A couple questions from jonas I did not previously answer:
I noticed that (1) your hammocks are 4' wide, while Speer designs are
always 5' wide, and (2) that your ends (whipped or overhand) do not seem
to do the "raising of the edges" when bunching the material up before
knotting like the Speer design advocates. Can you comment on your choices
in these areas? I read the knotting vs. whipping discussions, this isn't
Again, I appreciate all of the advice and input you dole out, you are a
great resource. If I am overstaying my welcome as an inquirer, just let
me know. (You are not.) I am going to build two hammocks after I either get these
answers (or not), I just want to do it as right as possible the first
time. The wife is tired of all the $$ I spend on camping stuff.

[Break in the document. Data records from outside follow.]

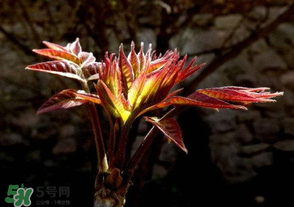 香椿苦能吃嗎？香椿苦怎么做好吃？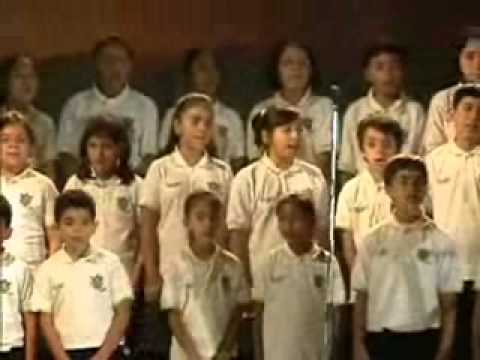 Ver Video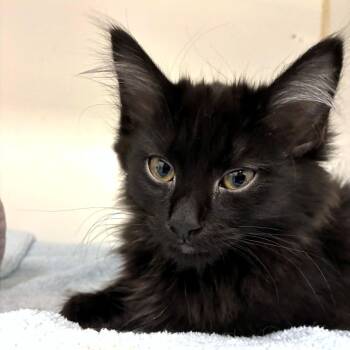 Domestic Long Hair Cats Available for Adoption - Aang | PetCurious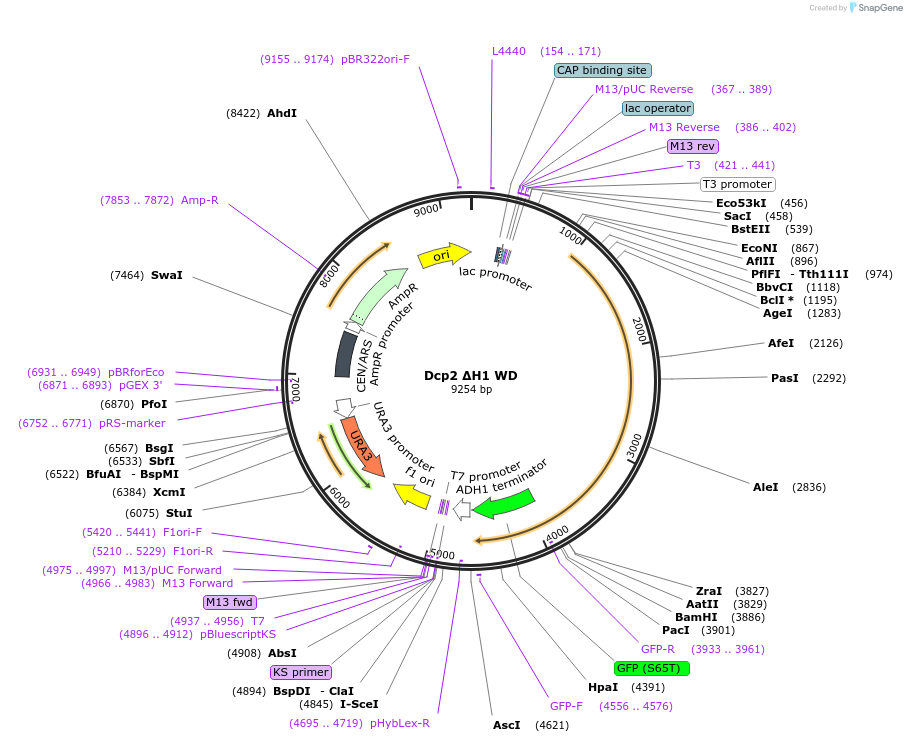 163580-plasmid-map-sequence-id-334265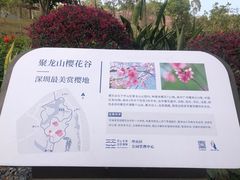 -聚龙山公园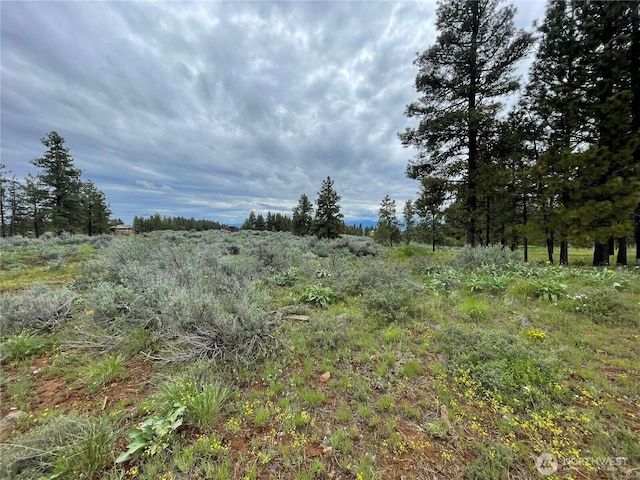 114 Falcon Ridge Rd, East Wenatchee, WA 98802 - photo 6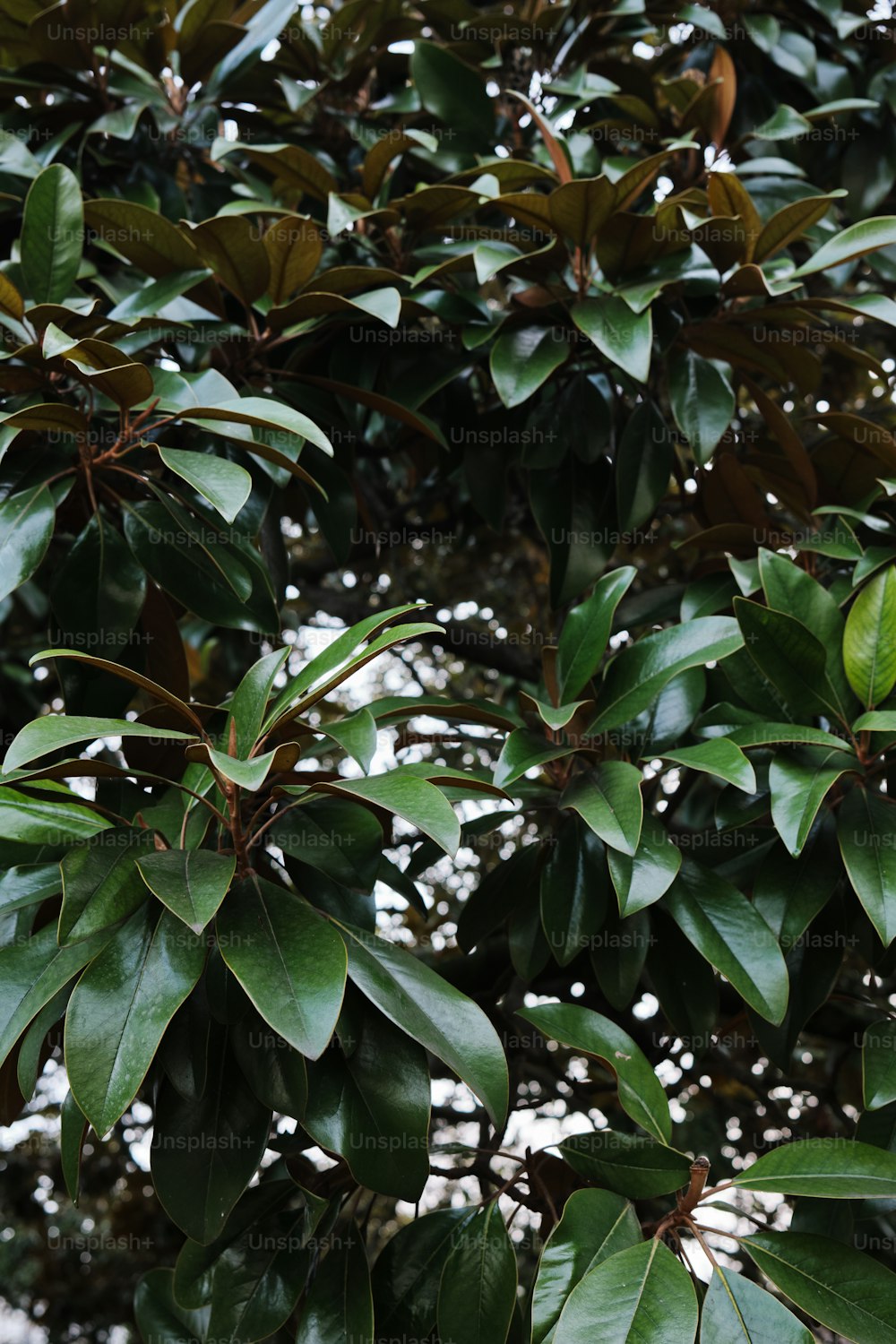 a bird is perched on a tree branch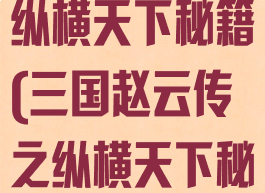 三国赵云传之纵横天下秘籍(三国赵云传之纵横天下秘籍金钱)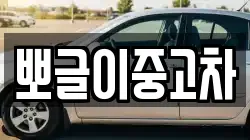뽀글이중고차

[Risk] No problem with the questions... I just overlooked them while answering
some of the others.
I tried 4 foot wide in an attempt to decrease the weight by 1/5. I discovered
that I like not being quite so deep in the hammock, which is the practical
result. So I now lie higher in the hammock , with edges much easier to look out
of and get reduced weight at the same time. I suggest people try hammocks of
both widths to choose their favorite.
I have tried pulling the edges tighter and not. I find sitting in a hammock
with the long edges not pulled tighter is a little more comfortable. There is
less of a sensation of a cord under my legs. I find that once I am laying down
in the hammock, I do not care much whether the edges are tight or relaxed. It
does not matter to me. so I choose to not pull the edges.
In addition, I find I am able to fold the end more compactly with the folding
over method than with with accordian method. I became tired of trying to keep
all those accordian folds neat and even.
The bad news about dollars invested in hammocks is that once I built one
hammock, I never have been able to stop. The good news is that I often can
re-use the material from one hammock design to another. For the price of one
pre-made hammock, I am able to do a lot of experiments. I believe Youngblood
once said, "you can't make just one."